EDIT 2: finally green :)

[skip cirrus] [skip circle]

mdhaber

Just thought I'd come try to support this in case it would help @lucascolley. I'm also happy to stay out of it because it is easy for the kitchen to get too crowded.

If you'd like me to continue, one other question beforehand - were you interested in seeing if a mechanism like special's support_alternative_backends would work instead of modifying the individual functions? The code is mostly boilerplate, so I think it can be abstracted out. I'll be looking at whether the special approach can be used for signal later this week, and I could also throw this into the mix. The thought is that it could eliminate most of the diff in the functions themselves.

mdhaber · 2024-06-15T20:28:19Z

scipy/linalg/_basic.py

+    unsupported_args = {
+        'lower': lower,
+        'assume_a': assume_a != 'gen',
+        'transposed': transposed


Are we silently ignoring overwrite_a and overwrite_b since they don't guarantee anything about the behavior? Just checking understanding.

mdhaber · 2024-06-15T20:29:47Z

scipy/linalg/_basic.py

@@ -141,11 +145,37 @@ def solve(a, b, lower=False, overwrite_a=False,
    array([ True,  True,  True], dtype=bool)

    """
+    xp = array_namespace(a, b)
+    if check_finite:


I suppose the idea here is that it's easy enough for us to support check_finite even though it's not in the standard?

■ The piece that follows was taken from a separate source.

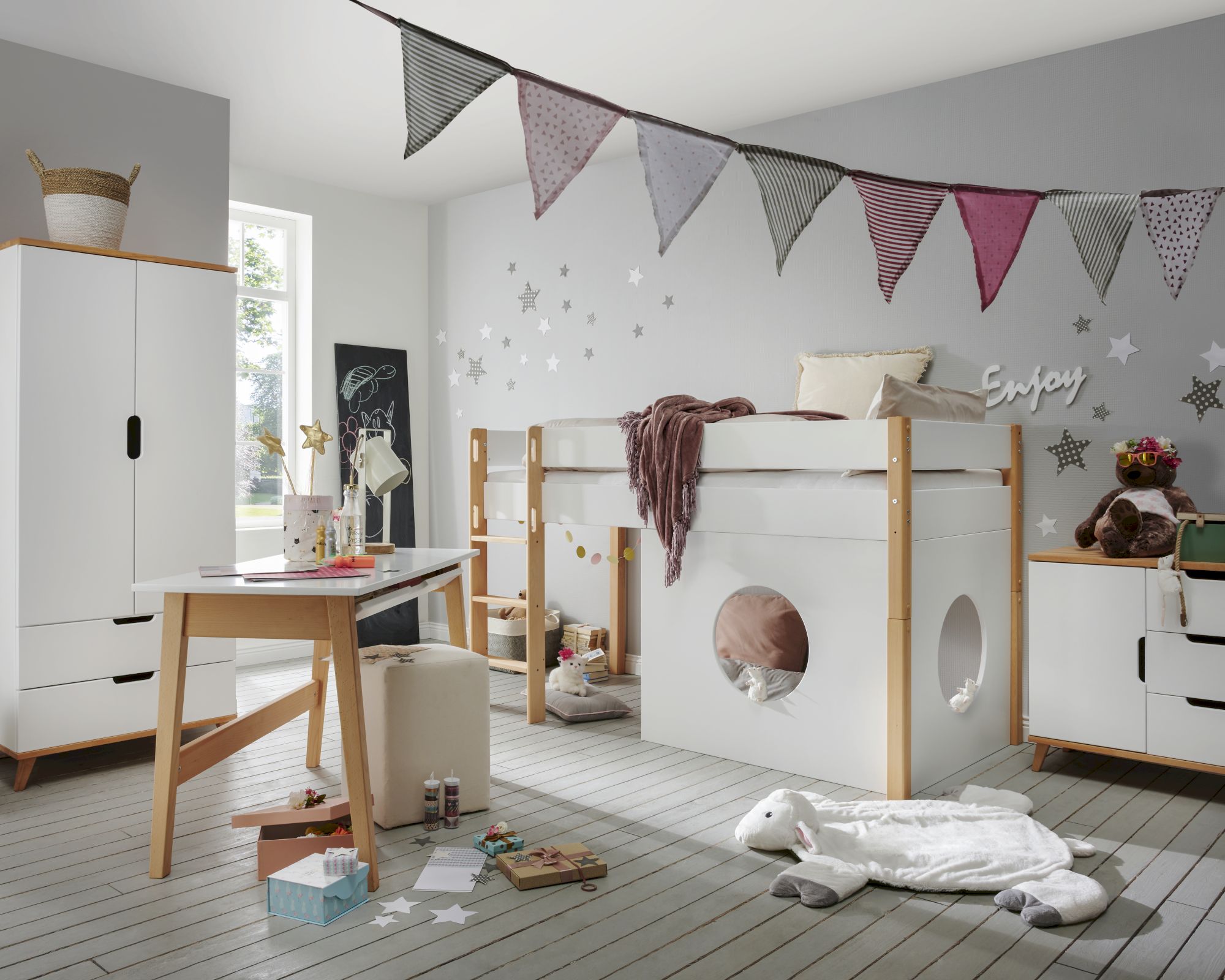 INFANSKIDS »Infanscolor« Kinderzimmer Halbhochbett weiß 208x120x103cm / weiß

Not that we need to, but it seems like it would be just as easy to support transposed. With slightly more effort, we could support lower with other options for assume_a. (It would not necessarily lead to more efficient solution; just a more consistent interface.)

Just want to make sure I'm understanding correctly - not suggesting any action.

Yes, and yes. I was just implementing what was 'free' in this PR (just using a kwarg of _asarray here) and leaving the rest in xp_unsupported_args. Ideally, that list would be reduced as much as possible, which can happen in two ways:

us implementing agnostic versions of the args (which may be easy for some of them)

args being added to the standard API

mdhaber · 2024-06-15T20:36:06Z

scipy/linalg/_basic.py

+    }
+    if any(unsupported_args.values()):
+        xp_unsupported_args(unsupported_args)
+    if hasattr(xp, 'linalg'):


Is it possible for xp to have linalg but linalg not to have solve?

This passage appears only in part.